João Gilberto, por seu lado, não fica muito bem na fotografia neste retrato reconstruído a partir de cartas de Miúcha, que bem poderiam compor um diário, tal a frequência e o tom confessional do material.
Depois de terem a filha, que uma vez adulta também seria cantora (Bebel Gilberto, a viver em Nova Iorque), Miúcha começa também a desejar ter a sua carreira - que é completamente estrangulada por um marido manipulador e egocêntrico.
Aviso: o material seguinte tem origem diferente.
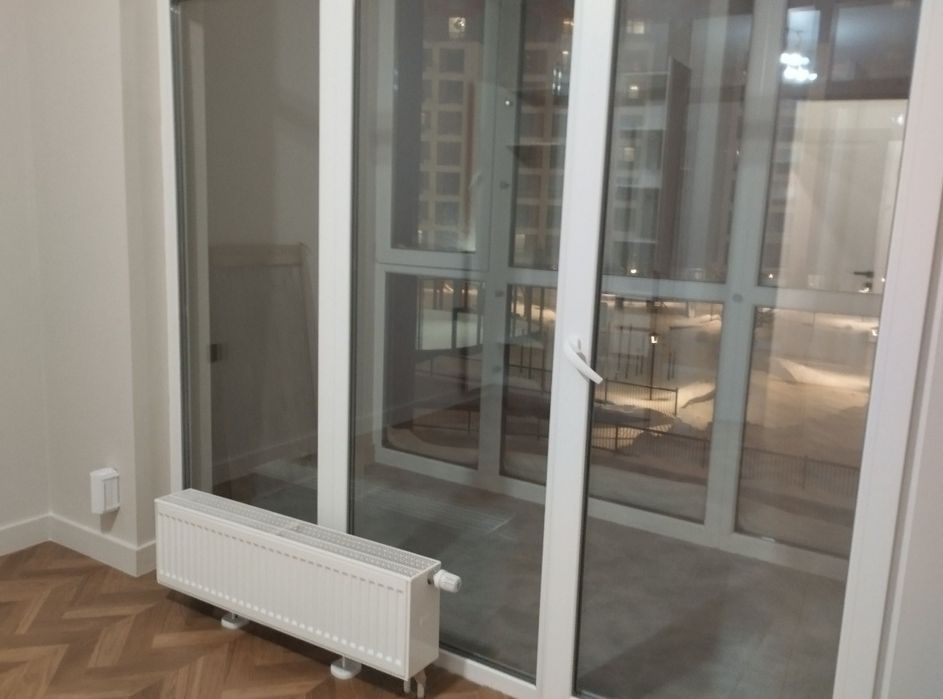 Клининг.Генеральная уборка Шымкент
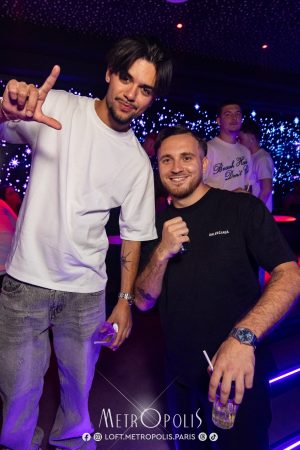 20260613-dj-prisk-031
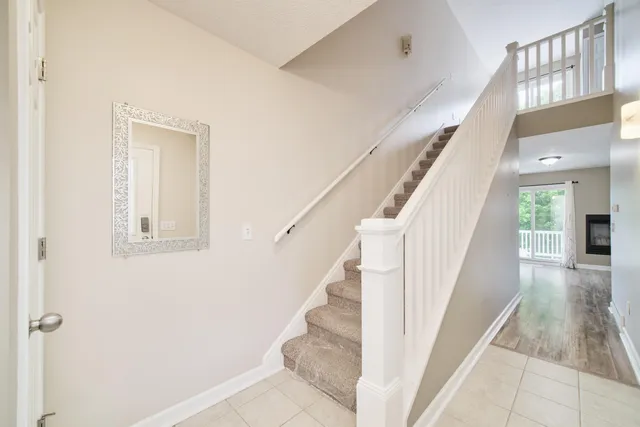 $475,000 | 94 Charter Court, Manistee, MI 49660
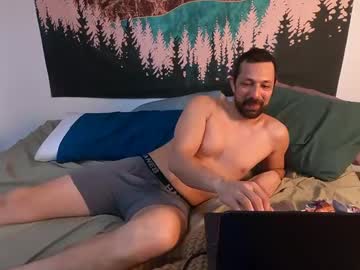 couple Live Porn On Cam with clmbxxx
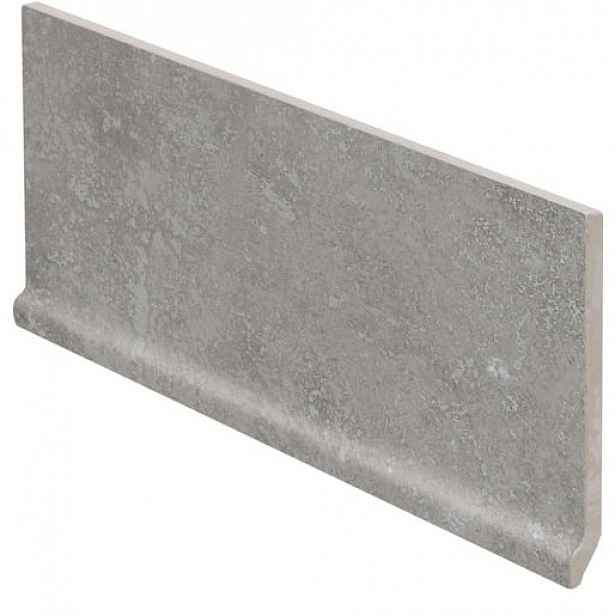 Sokl Rako Dale elephant 30x11 cm mat DSPJT880.1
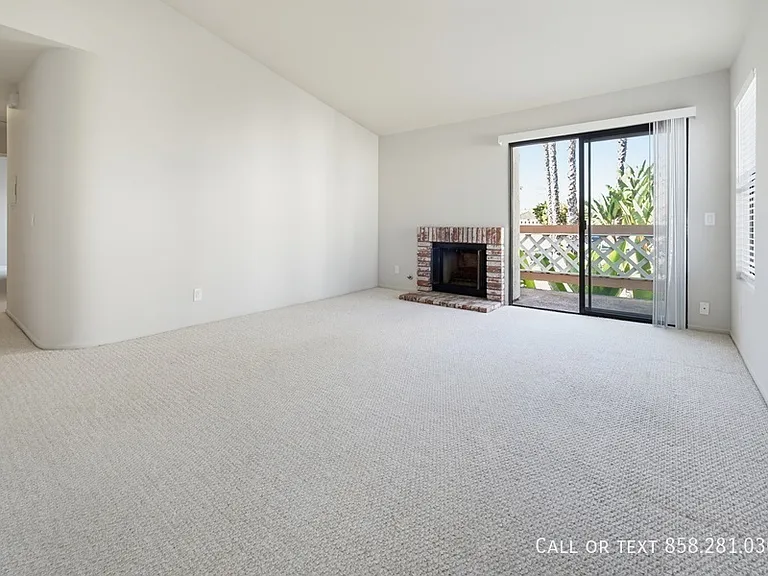 9356 Twin Trails Dr #201 — Photo 3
O ponto de rutura seria inevitável e só depois de regressar com a filha para o Brasil é que poderia começar.
Um dos grandes problemas enfrentados por Liliane Mutti, conforme conta, diz respeito à seleção do material: apesar do apoio de Miúcha e da possibilidade de ler as suas cartas, o projeto acabou por ir parar a um limbo entre o “autorizado” e o “não-autorizado”.
“Tinha muito respeito pelas pessoas envolvidas. Tive acesso às cartas dela, mas tinha de ter muito bom senso para decidir o que podia ir parar ao filme”, observa.
Uma questão muito especial, neste sentido, foi a de que a própria Miúcha sempre protegeu João Gilberto, com quem conviveu até ao fim da vida.
Também não estava muito certo que a cantora, vinda de outra geração, apoiasse um apelo mais feminista para o filme - que, na verdade, é mais rico pelas contradições que mostra nas dinâmicas da vida de Miúcha do que seria se aderisse a um eventual panfletarismo militante.
Conforme acredita a cineasta, apesar de ela não abraçar nenhum discurso em particular, as suas ações concorreram para uma série de ruturas para com o papel que estava estabelecido para as mulheres naqueles tempos...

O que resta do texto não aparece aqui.